• **Exercise requirements**: Only the number is wanted: how many lines below contain "Park"?

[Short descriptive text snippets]
----
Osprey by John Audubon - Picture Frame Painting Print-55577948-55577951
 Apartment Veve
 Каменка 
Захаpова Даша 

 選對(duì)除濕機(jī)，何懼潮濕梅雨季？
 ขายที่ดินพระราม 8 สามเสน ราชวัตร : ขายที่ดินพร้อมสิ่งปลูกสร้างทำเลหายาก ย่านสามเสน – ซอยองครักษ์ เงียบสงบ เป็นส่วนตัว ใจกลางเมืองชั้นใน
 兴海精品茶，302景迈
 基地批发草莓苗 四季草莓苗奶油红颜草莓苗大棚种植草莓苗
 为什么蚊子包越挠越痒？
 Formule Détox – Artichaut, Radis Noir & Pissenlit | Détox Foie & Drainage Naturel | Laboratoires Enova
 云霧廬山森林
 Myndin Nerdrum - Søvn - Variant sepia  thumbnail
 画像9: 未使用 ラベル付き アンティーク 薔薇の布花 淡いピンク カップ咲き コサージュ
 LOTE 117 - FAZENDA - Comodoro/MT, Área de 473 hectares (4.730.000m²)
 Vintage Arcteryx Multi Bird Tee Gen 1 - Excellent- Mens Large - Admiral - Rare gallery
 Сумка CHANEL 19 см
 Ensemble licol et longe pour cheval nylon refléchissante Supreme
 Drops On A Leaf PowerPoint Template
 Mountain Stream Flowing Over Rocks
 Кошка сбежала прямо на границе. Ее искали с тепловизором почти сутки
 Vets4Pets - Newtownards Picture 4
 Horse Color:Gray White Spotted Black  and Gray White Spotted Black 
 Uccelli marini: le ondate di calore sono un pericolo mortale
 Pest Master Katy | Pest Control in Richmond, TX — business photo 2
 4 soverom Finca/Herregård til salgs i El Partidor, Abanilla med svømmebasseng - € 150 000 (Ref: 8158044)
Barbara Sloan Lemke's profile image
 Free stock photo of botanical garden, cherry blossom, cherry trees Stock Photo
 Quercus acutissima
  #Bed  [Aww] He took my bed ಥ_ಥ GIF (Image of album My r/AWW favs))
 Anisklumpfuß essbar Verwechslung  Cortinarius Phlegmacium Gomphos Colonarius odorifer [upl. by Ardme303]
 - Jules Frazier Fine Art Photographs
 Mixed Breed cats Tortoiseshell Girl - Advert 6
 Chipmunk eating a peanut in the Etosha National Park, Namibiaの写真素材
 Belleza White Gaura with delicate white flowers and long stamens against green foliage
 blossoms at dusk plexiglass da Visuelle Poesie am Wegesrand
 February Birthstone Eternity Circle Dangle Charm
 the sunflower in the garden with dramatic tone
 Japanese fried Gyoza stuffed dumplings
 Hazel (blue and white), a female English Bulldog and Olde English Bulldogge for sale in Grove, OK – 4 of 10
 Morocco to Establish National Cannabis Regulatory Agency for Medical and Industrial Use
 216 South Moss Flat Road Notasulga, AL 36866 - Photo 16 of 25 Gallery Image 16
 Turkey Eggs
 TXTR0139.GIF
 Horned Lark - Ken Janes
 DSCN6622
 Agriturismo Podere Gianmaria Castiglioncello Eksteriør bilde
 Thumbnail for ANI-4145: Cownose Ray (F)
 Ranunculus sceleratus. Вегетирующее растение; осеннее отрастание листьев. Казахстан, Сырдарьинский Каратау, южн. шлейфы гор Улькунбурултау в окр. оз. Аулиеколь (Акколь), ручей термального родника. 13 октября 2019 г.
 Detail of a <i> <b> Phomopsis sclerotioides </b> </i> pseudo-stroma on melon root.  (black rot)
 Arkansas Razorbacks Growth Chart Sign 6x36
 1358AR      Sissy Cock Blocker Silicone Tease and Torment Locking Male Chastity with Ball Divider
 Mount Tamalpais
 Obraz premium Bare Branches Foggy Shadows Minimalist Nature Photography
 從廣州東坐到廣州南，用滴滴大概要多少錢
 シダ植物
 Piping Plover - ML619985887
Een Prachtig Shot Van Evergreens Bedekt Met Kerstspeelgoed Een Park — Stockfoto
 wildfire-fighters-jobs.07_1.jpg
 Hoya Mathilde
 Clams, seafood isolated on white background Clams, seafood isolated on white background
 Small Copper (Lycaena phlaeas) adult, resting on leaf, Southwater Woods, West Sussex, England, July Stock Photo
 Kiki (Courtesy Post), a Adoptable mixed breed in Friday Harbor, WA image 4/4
----
• **Exercise response**: 2